Yitzhak Yedid: piano solo 

  • Remembering Yitzhak Rabin

  • Mohe Bhool Gaye Sanwariya

  • The Pessimist Optimist

  • Full Moon Fantasy 

  • From Imagination to Reality

  • Le'emor

 

CD reprinted on April 2005

 

Yitzhak Yedid Solo piano composition Full Moon Fantasy

 Article by Abby Rabinovitz (1999)

 

Yitzhak Yedid is a promising young pianist and composer. His music is pure and from the heat. Deceptively simple, he reaches out to the listener and touches a place deep within. Drawing from his Israeli roots, Yedid creates haunting modal melodies which weave their way through rich, sometimes surprising, harmonic tapestries. Jazz Classical and Middle Eastern images are juxtaposed. There is a sense of shifting universes, a dreamlike state where one emotional landscape flows into another.

 

This CD begins with a plaintive melody of morning, "Remembering Yitzhak Rabin." It is a piece of great sorrow. I imagine a cantor singing, phrase cascading over phrase, crying out for answers. Hope and dreams coexist with a quiet despair.

"Mohe Bhool Gaye Sanwariya" is a classic North Indian film song written by the great composer Naushad Ali. Yedid takes fragments of Naushad Ali's melody and uses them as a springboard for his improvisation. He opens with a drone in the left hand, evoking the Indian tamboura. Against this background a Sarod like melody unfolds, inspired by the North Indian raga Bhairav. The mood is abruptly shattered by a high figure in the right hand, someone knocking on the door, calling us away.

We leave India briefly as fragment from another world intrude, only to return again and again. It is an intriguing performance, restless and unsettling.

The open phrase of "the pessimist optimist" provides a striking contrast.

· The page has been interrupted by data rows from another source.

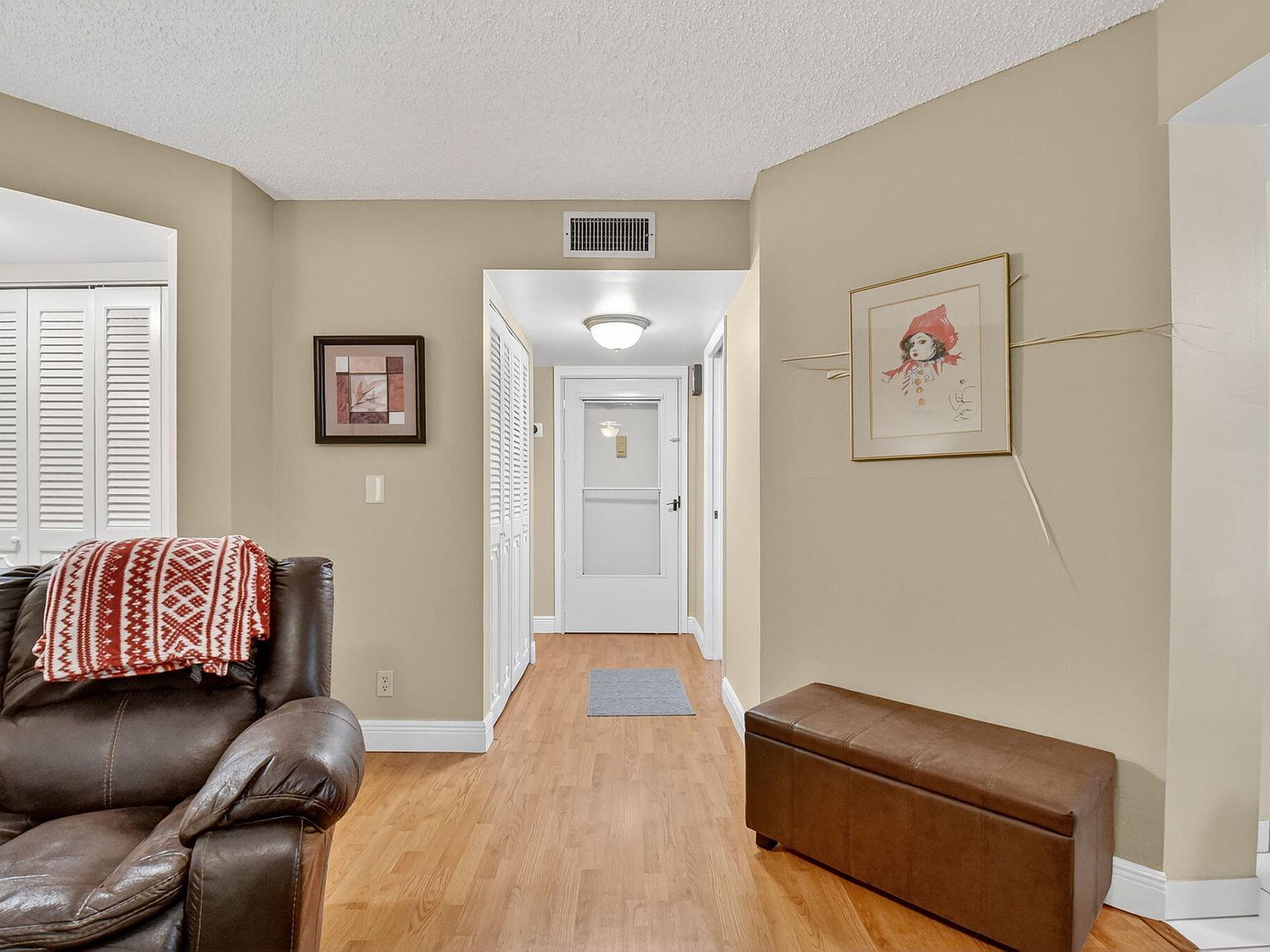 3871 Via Poinciana #404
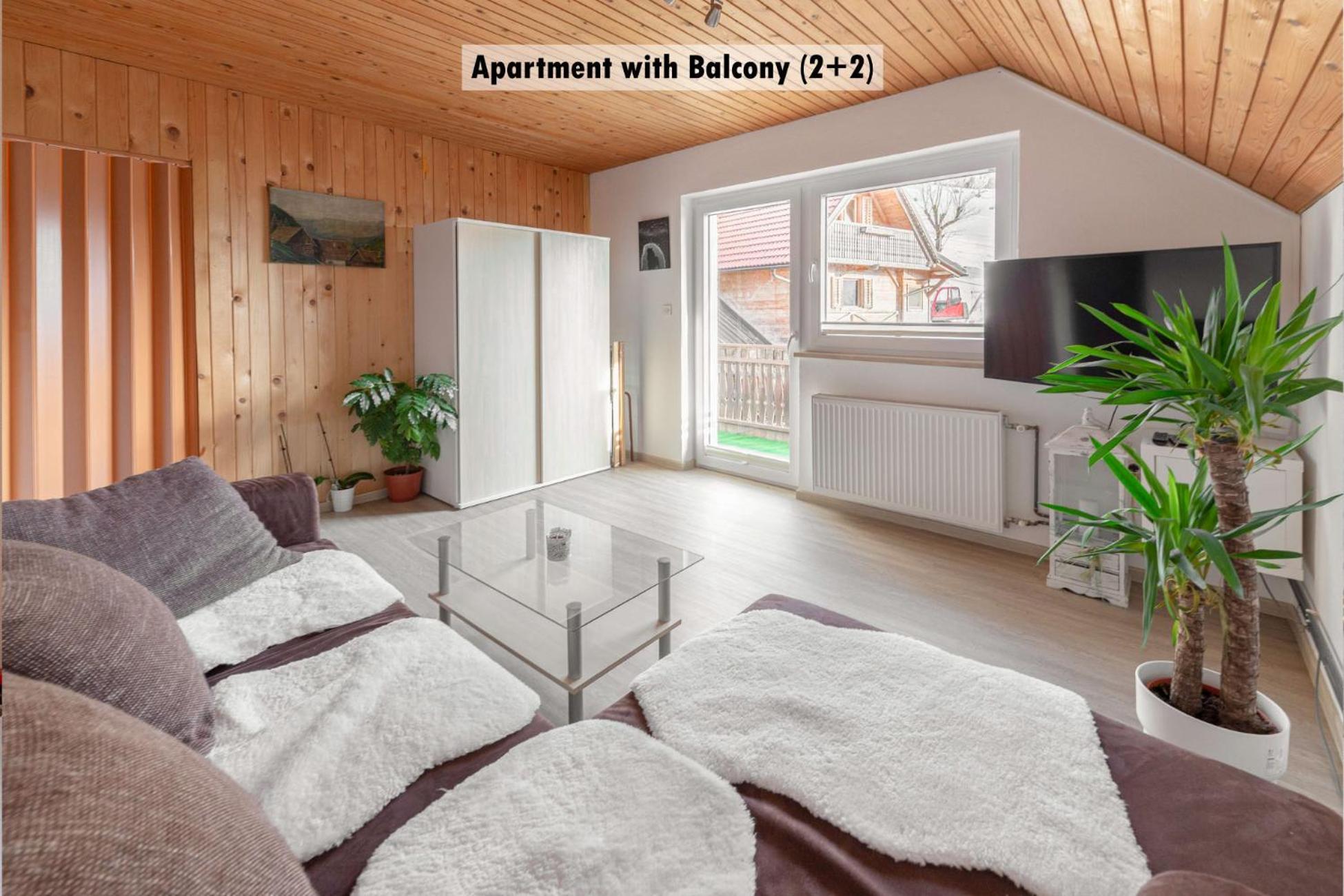 Apartments Farm House Uric Jesenice Buitenkant foto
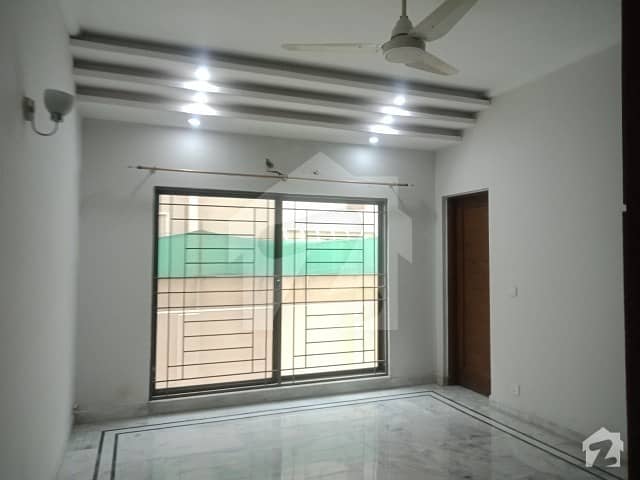 4 Kanal Commercial House For Rent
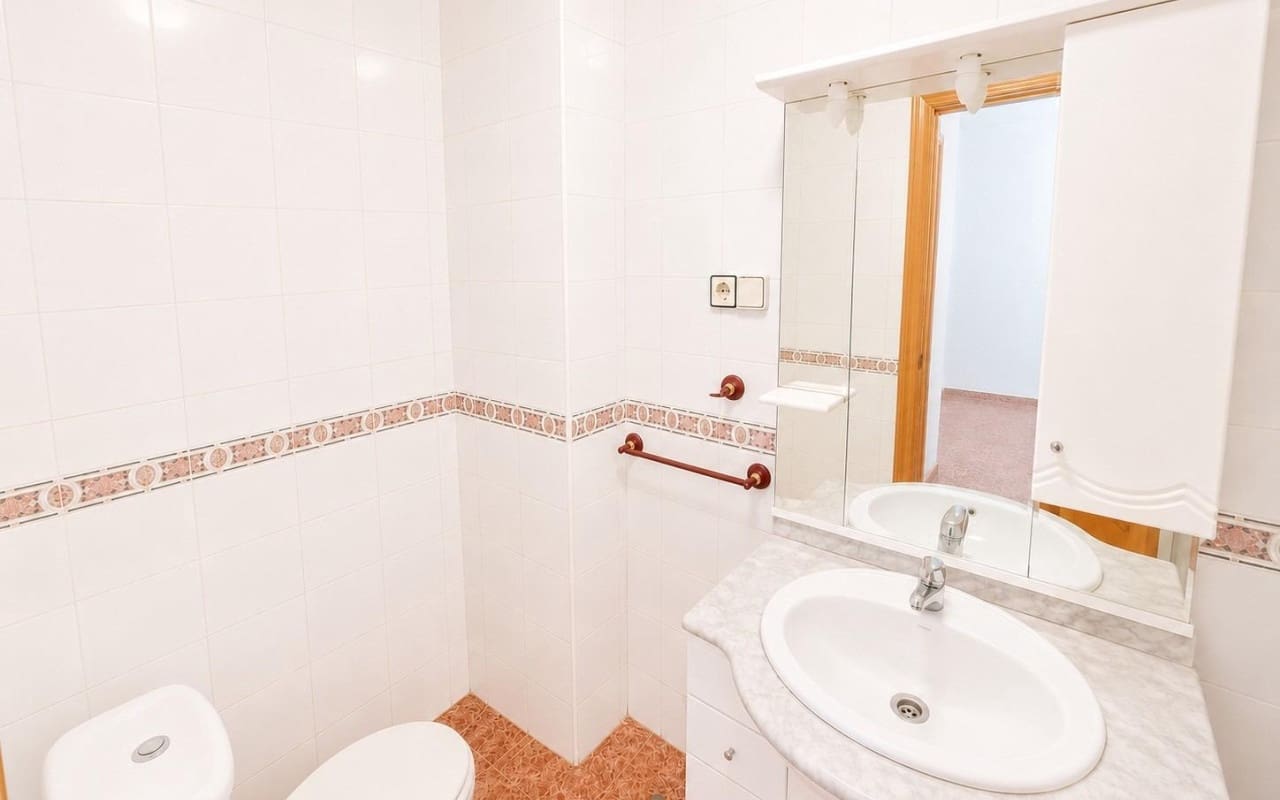 3 Zimmer Apartment zu verkaufen in Torrevieja - 127.000 € (Ref: 9973625)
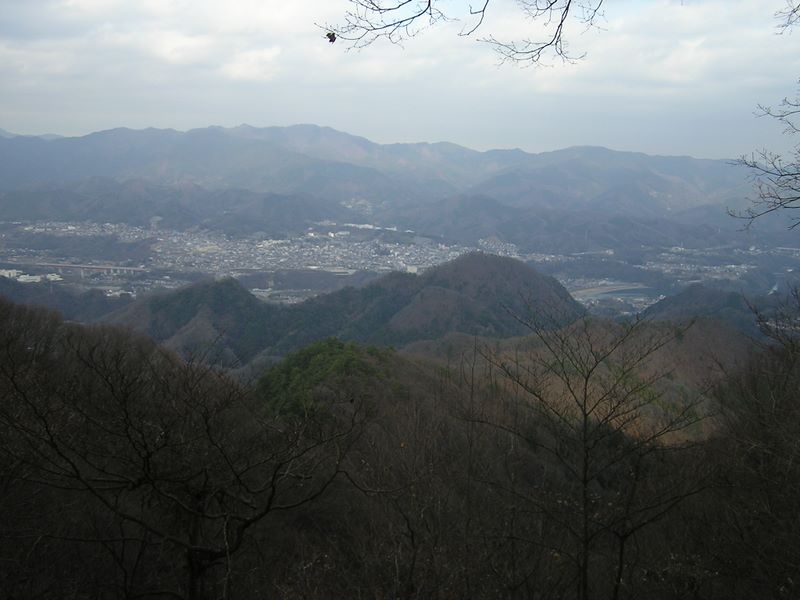高柄山から生藤山（しょうとうさん）と上野原市街地とを望む
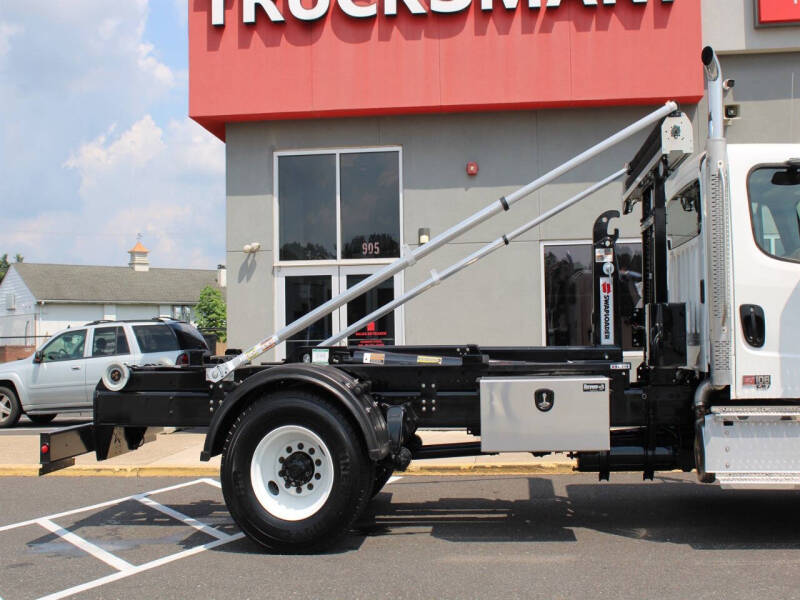 2024 Freightliner M2 106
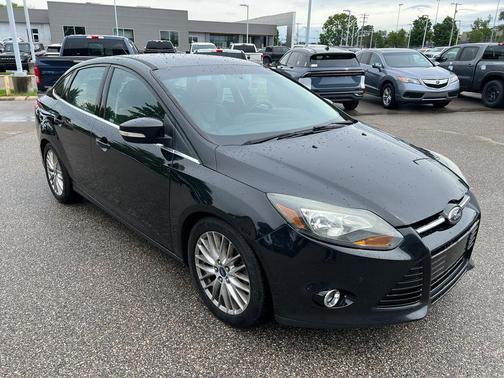 Tuxedo Black Metallic 2014 Ford Focus Titanium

The impressionistic lines are strongly rooted in the west. The composition is wistful and romantic. It stays on my mind long after I've stooped listening, lines remembered at odd moments throughout the day. Yedid plays with yearning and great tenderness. (the optimist is no fool but he or she is an optimist nonetheless.) "Full Moon Fantasy" is not only the next piece but also the title of the album. I asked Yedid what it meant. He explained that the full moon is a very important day of the month. There is a belief that on this day you get what you wish for. This is a very beautiful composition with echoes of a Chopin nocturne. As the piece draws to close there is a sense of anticipation." From Imagination to Reality" contains some of the darkest and most powerful music on the album. There is a harshness but also a delicacy in Yedid's playing that touches me deeply. When I first heard this composition I had the image of being lost in clouds. Each time I parted one, another and I was unable to find my way home. The themes of the album converge in the last piece, "Le'emor." This is Yedid's final statement, a summing up. The cantor reappears. Arabic phrases mesh with dense harmonies. The music flows and Yedid builds to a climax with conviction. Questions unanswered and yet, somehow, a hard won resolution. At least, or now, a moment of peace.